For Varnika Kundu, the Chandigarh DJ who took on her VIP stalkers, life has changed but her spirit, fuelled by a supportive family, is fiery as ever

- Manraj Grewal Sharma manraj.grewal@htlive.com n

Music lovers in the City Beautiful know her as Miracle Drugg, the disc jockey whose beats transport them to another world. To the rest of the country, Varnika Kundu is that feisty young woman from Chandigarh who dared to take on her VIP stalkers. And who continues to hold her own in the face of relentless media attention and some very ill-advised attempts at character assassinat­ion.

Those who know Varnika are not surprised. “She has always been a very strong individual with an opinion; she hasn’t become this person overnight,” says Manan Kapoor, a writer friend. A former classmate from Carmel Convent, one of the city’s posh all-girl schools, remembers her as “this bright girl who cared two hoots when she suddenly sprouted grey hair in Class 12”. “She made it her style statement,” she adds.

Taking a break from back-to-back interviews in a house still surrounded by OB vans from TV channels, Varnika says she is just trying to be herself.

“That’s my motto,” she says, smiling that calm smile. “I feel intensely about any form of injustice.”

In an ideal world, she adds, in a steady but soft voice, she would have been a politician. “I have considered it… sat and thought about it. If it didn’t involve all the diplomacy and dealing with people, I might have done it.”

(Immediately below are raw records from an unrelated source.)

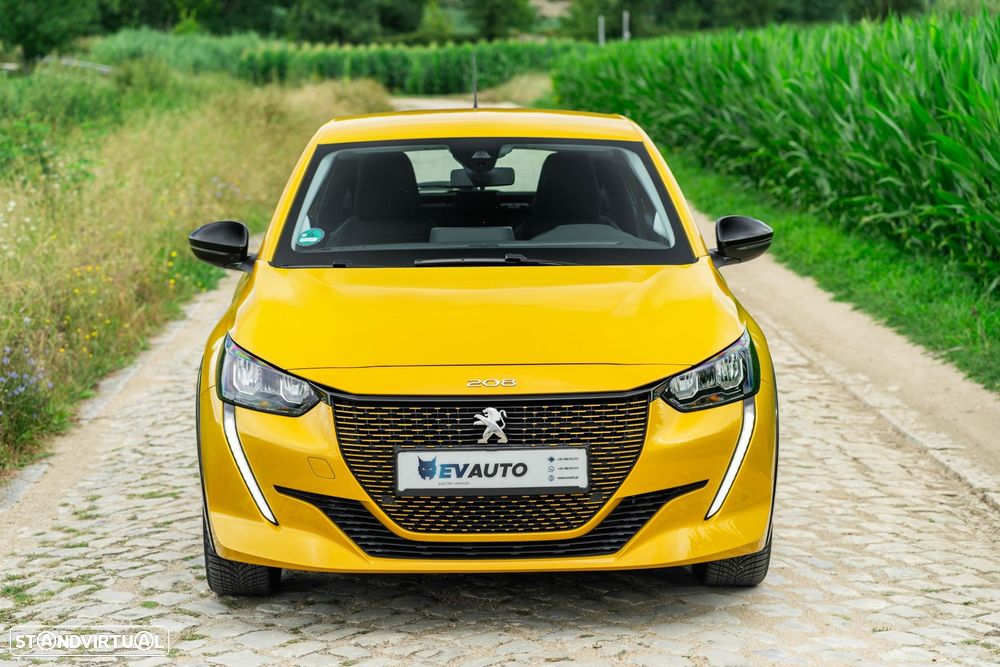 Peugeot e-208 50 kWh Active Pack - 10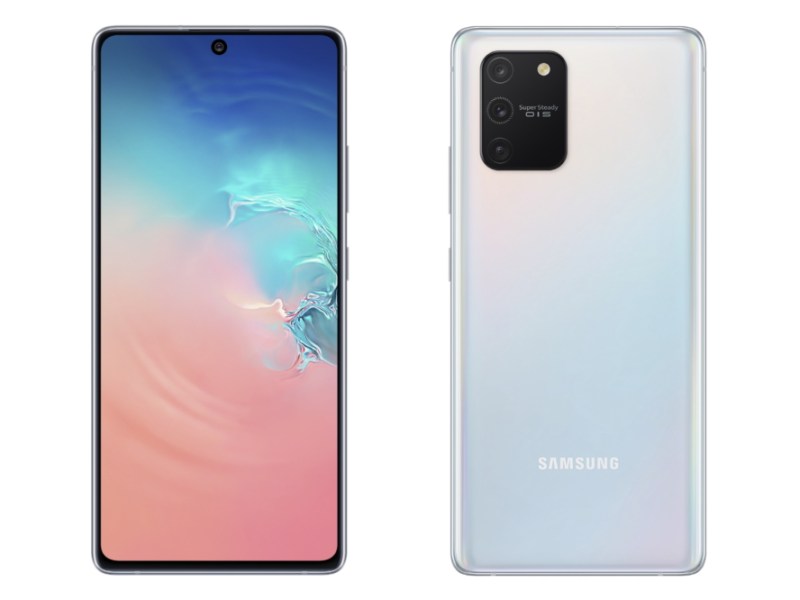Samsung Galaxy Note 10 Lite Live Images Surface Online, Show Familiar Hole-Punch Design and Triple Rear&nbsp;Cameras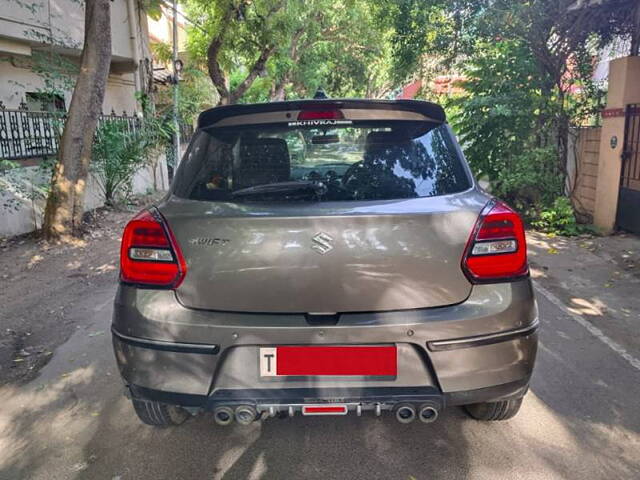 Used Maruti Suzuki Swift [2014-2018] ZXi in Chennai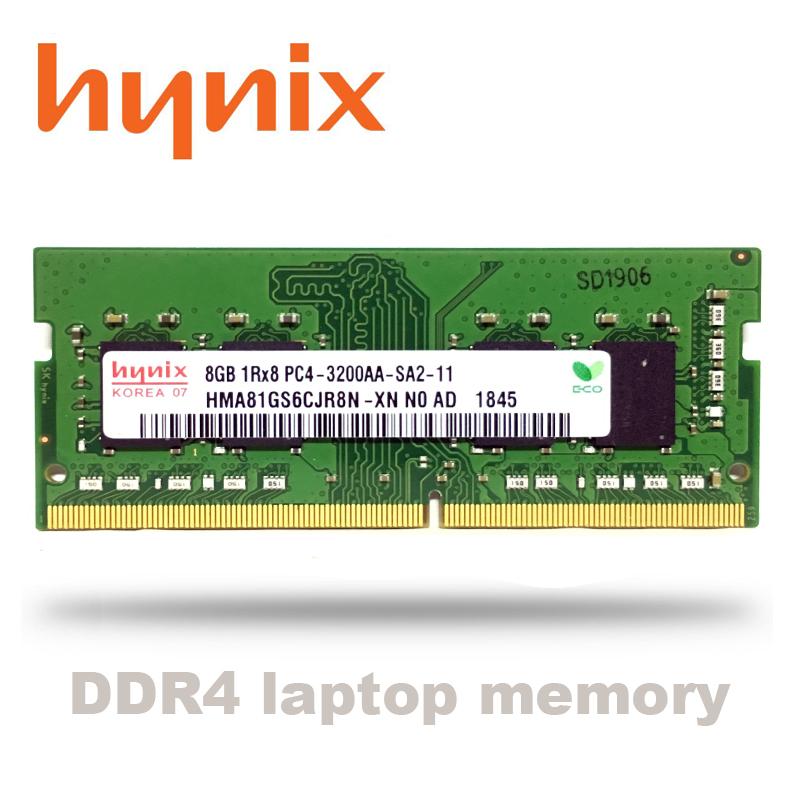 

Hynix Laptop ddr4 ram 8gb 4GB 16GB PC4 2133MHz or 2400MHz 2666Mhz 2400T or 2133P 2666v 3200 DIMM notebook Memory 4g 8g 16g ddr4
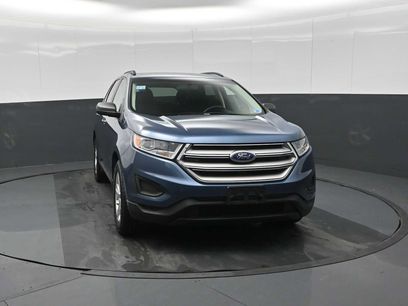 Used 2018 Ford Edge SE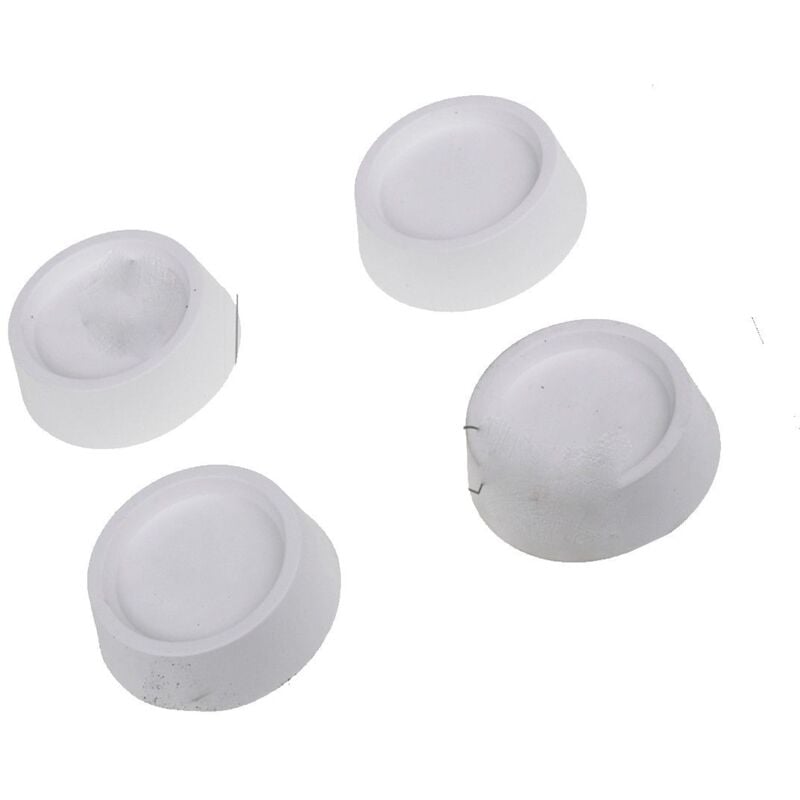 foto del prodotto set di 4 piedini anti vibrazioni universali accessori e prodotti wpro 602373662894780788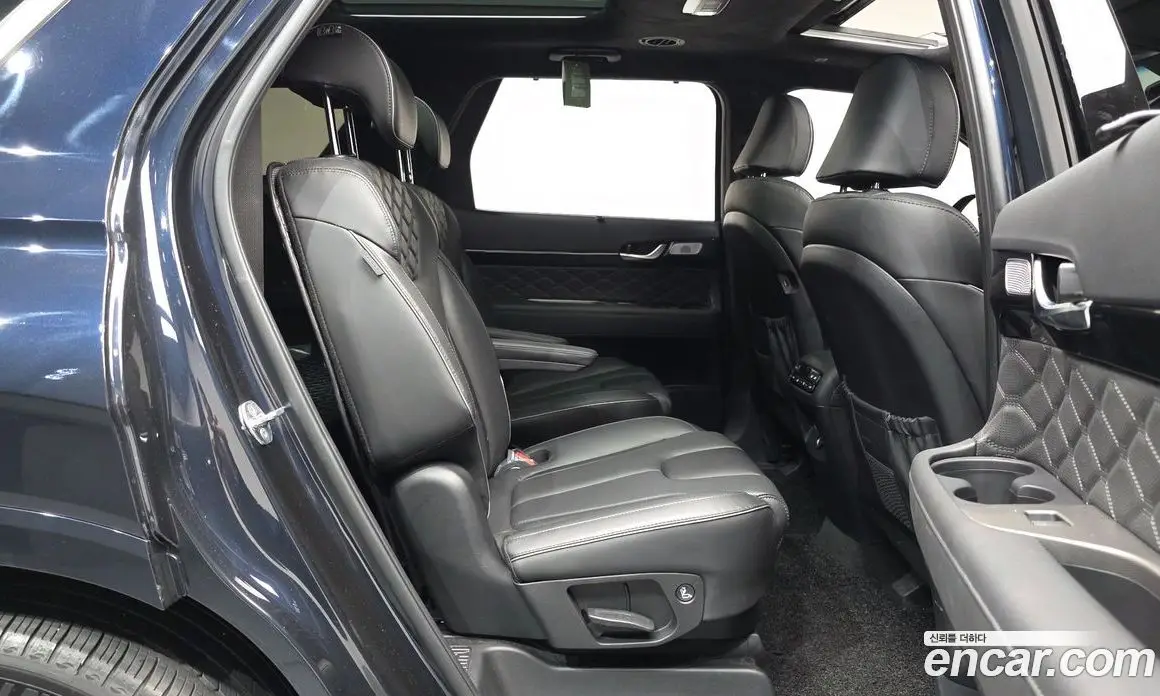 Hyundai Palisade 2021 3.8 автомат (гидро), фото 16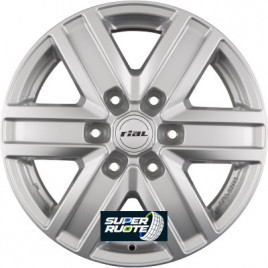 Alloy Wheels RIAL TRANSPORTER
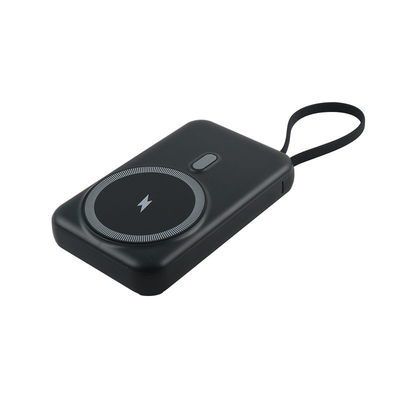 Teléfono inteligente Dispositivos USB Banco de alimentación con Micro USB o Tipo C Interfaz de entrada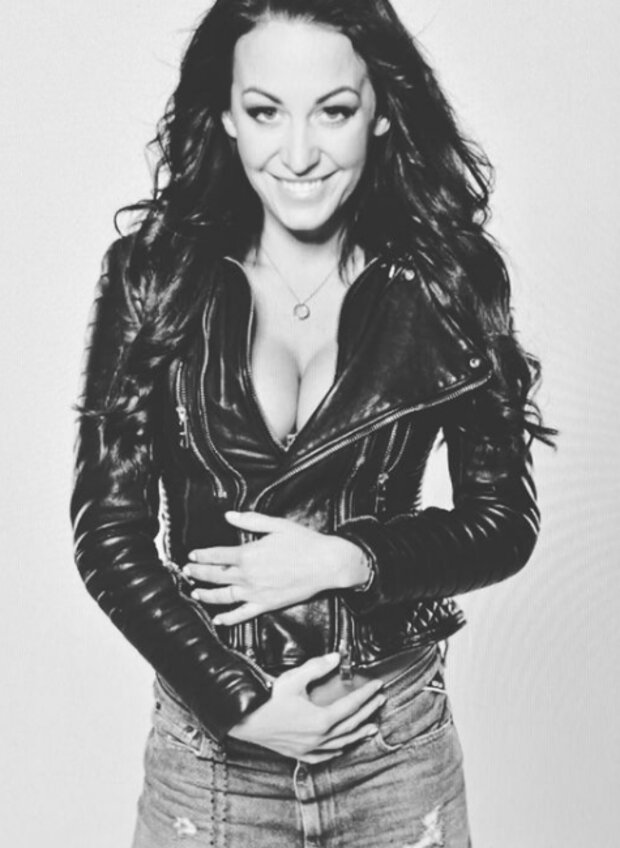 Agáta Hanychová. Foto: snímek obrazovky blesk.cz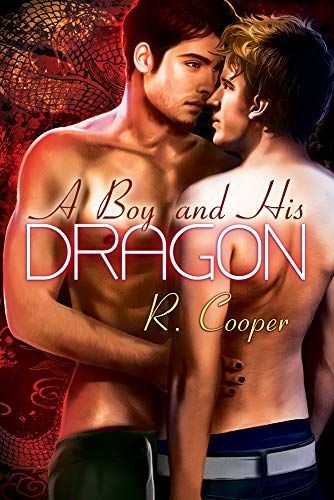 A Boy and His Dragon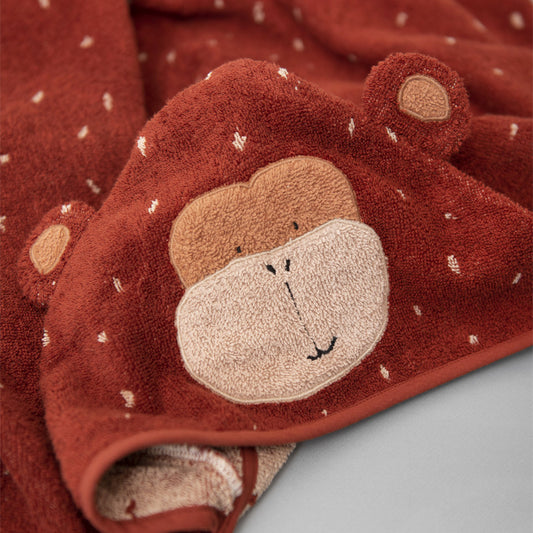 Cape de Bain | Mrs Monkey | 70x130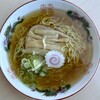 駅そば - 宮古ラーメン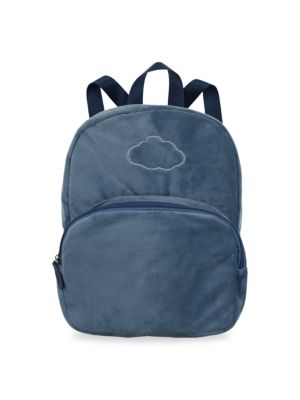 Pouf
 Kid's Velour Backpack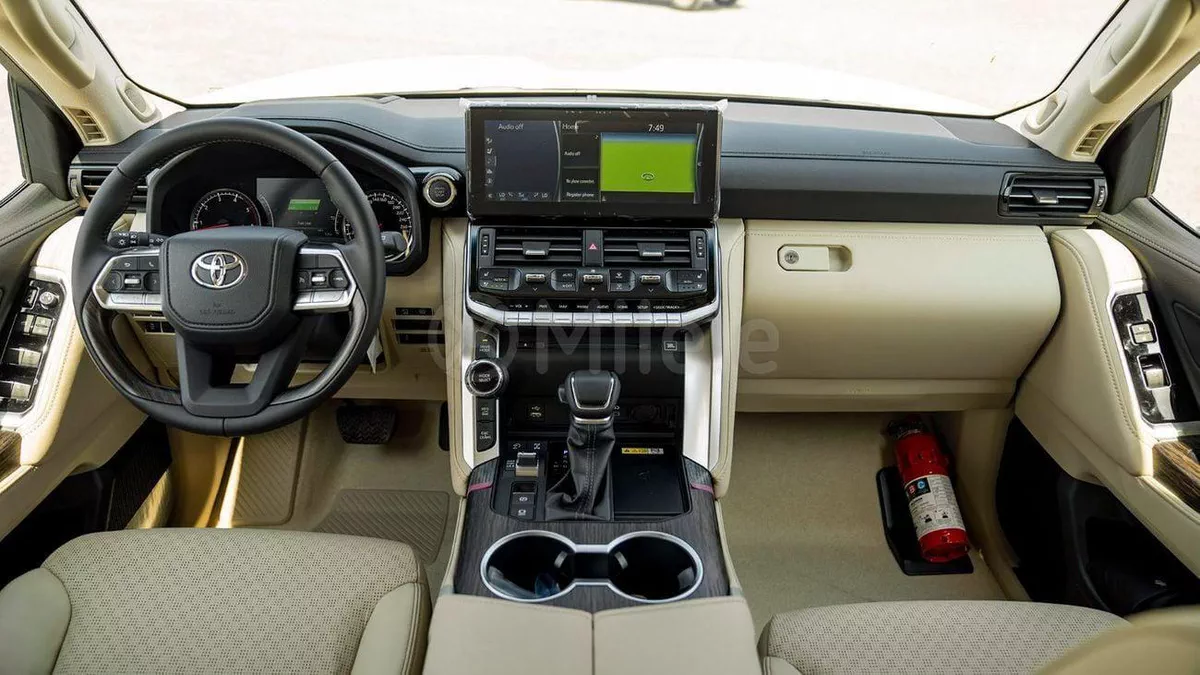 Toyota Land Cruiser VXR-15-0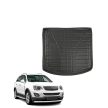 EgriAuto černé protiskluzové autokoberce Antara 2006-2015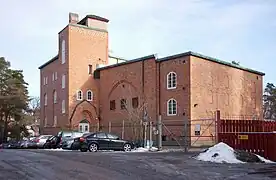 Lillsjöstationen&nbsp;[sv], Ulvsunda, Stockholm (1913)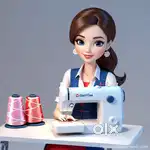 Female Staff needed for Stitching Centre.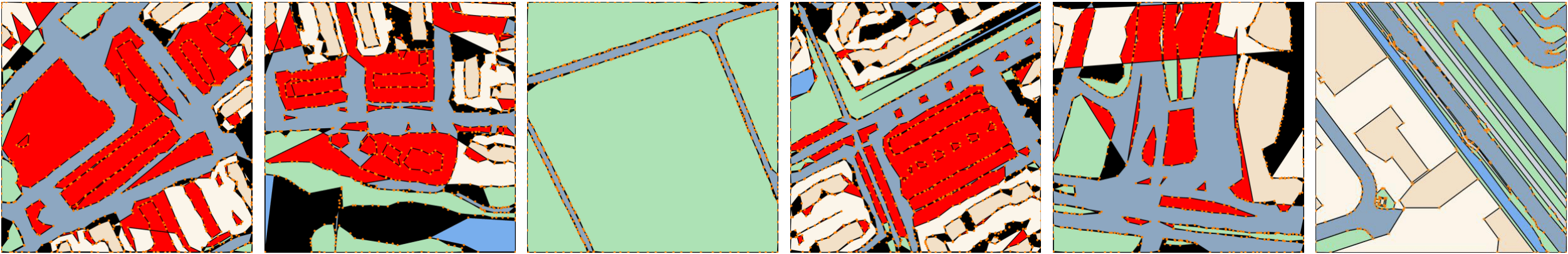 Thin structures TopDiG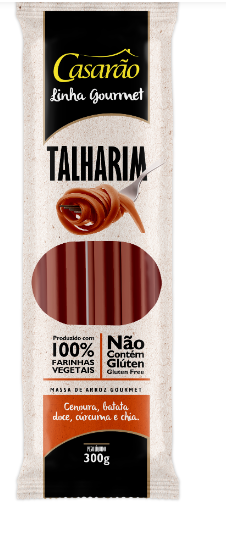 CASARAO TALHARIM CENOURA
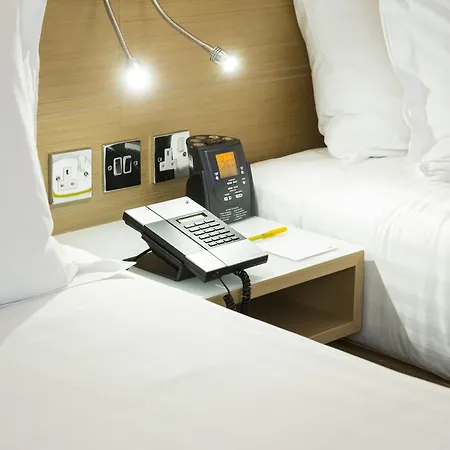 Hilton Garden Centre Hotell Glasgow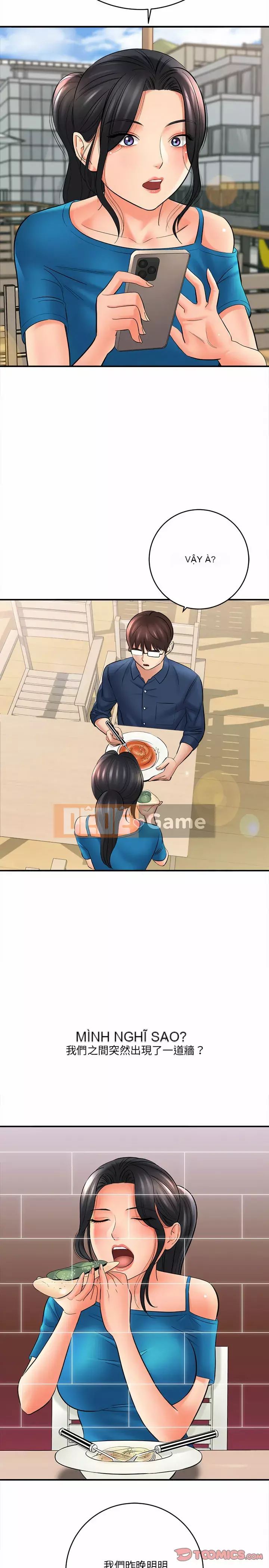 Phải lòng trợ lý Chương 24-25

Friends in the city admire her for being the first woman disc jockey in a region that prides itself on a testostero­ne-driven culture of machismo.

Ranbir Sidhu, a music producer and owner of a recording studio who’s known Varnika as the lone woman member of the Chandigarh rock community for sevenodd years, says the group admires her for her independen­t spirit. “She’s a bro, she’s got her own way of doing things.” HER OWN BEAT

Varnika didn’t really have any templates to follow. “It takes courage to be a woman DJ here, where drunken brats wave their pistols and bark, ‘Don’t you know my father?’,” says Sunishchit R Sandhu, who runs a sound equipment company with her husband.

Varnika, says Sandhu, has managed to carve a place for herself. “She plays electronic dance music with no Hindi or Punjabi, and has a set of loyal followers. She wowed everyone when she played the opening set for leading Indian DJ Nucleya last November,” Sandhu says.

For Varnika, born in Rohtak and raised in Chandigarh, making music is all about being true to herself. “Music is my being. I feel intensely about it. I put on my headphones, shut my eyes, and I am not here anymore,” she says.

Her mother, Sucheta Kundu, a former sociology lecturer, remembers how Varnika announced that she was going to be a DJ when she was in Class 4.

“I’d got my first mobile. She took it from me and fed her name in as DJ Baby,” says Sucheta, laughing.

It came as no surprise to the family when Varnika completed a Bachelors degree in Psychology and declared she wanted to do a course in audio engineerin­g. She studied at a music academy in Gurgaon. Virender Singh Kundu, her father and a senior bureaucrat, says her choice of profession was a matter of discussion, not imposition.

“We wanted her to choose wisely.” TOP NOTES

Varnika’s musical moniker was inspired by the U2 song Miracle Drug. “Music cures all my ills, I want my music to do the same for people,” says the music producer, adding that her favourite band is Radiohead.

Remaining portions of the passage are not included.